TASK PROMPT -
In the entries below, find the line with "HERMES Bearn Wallet 三摺錢包 大象灰銀扣" and the line with "Сайлентблок задней балки 33 31 1 091 422 BMW"; copy them and every line between them exactly, but not the pictures.

PROVIDED DATA -
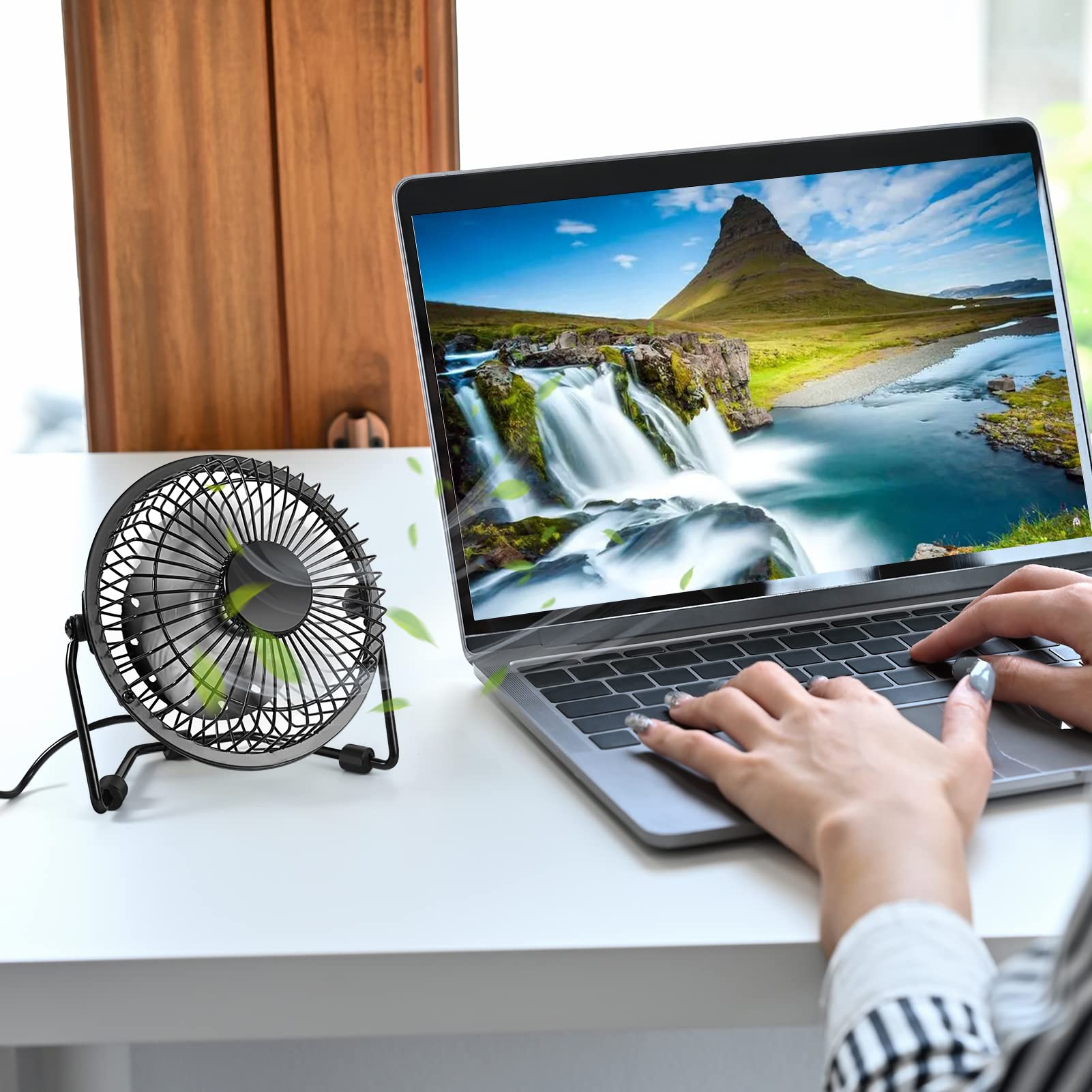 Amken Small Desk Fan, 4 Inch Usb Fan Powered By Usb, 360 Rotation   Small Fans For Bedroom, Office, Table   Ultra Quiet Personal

...

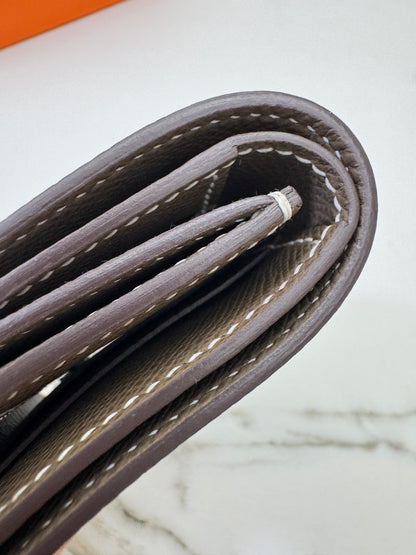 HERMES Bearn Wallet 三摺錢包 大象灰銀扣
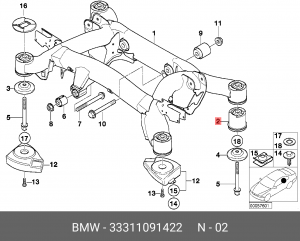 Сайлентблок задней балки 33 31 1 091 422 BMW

* * *

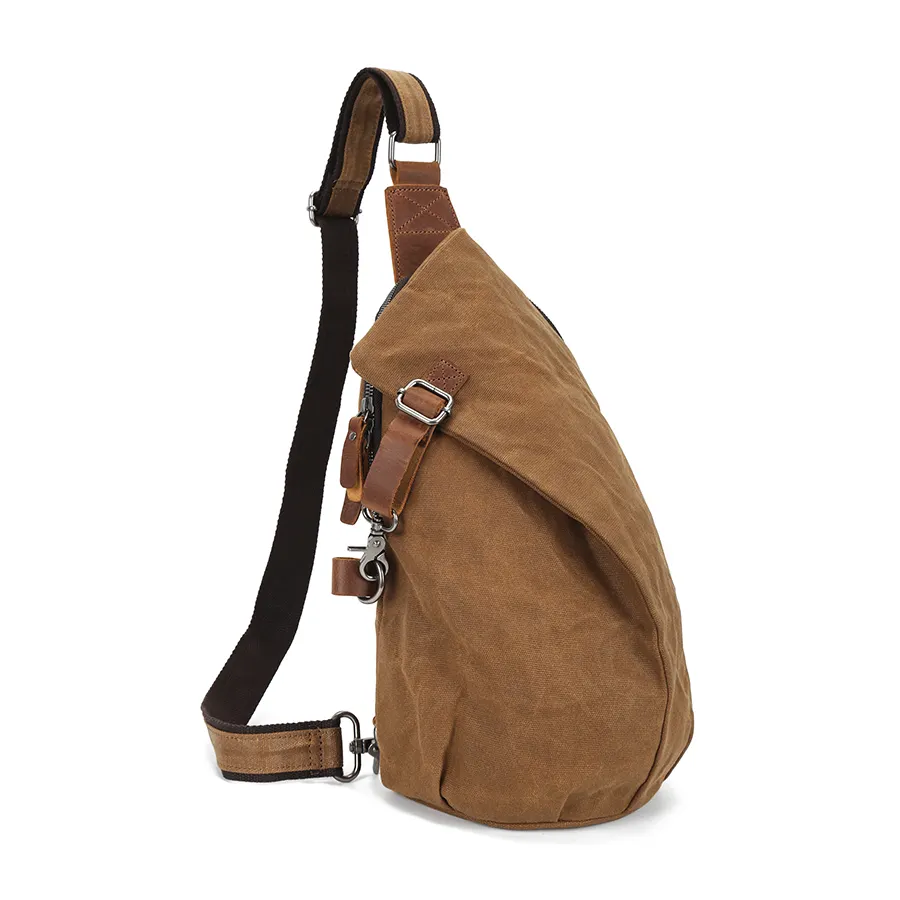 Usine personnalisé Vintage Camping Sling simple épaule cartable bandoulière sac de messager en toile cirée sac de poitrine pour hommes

FINISHED TASK -
 HERMES Bearn Wallet 三摺錢包 大象灰銀扣
 Сайлентблок задней балки 33 31 1 091 422 BMW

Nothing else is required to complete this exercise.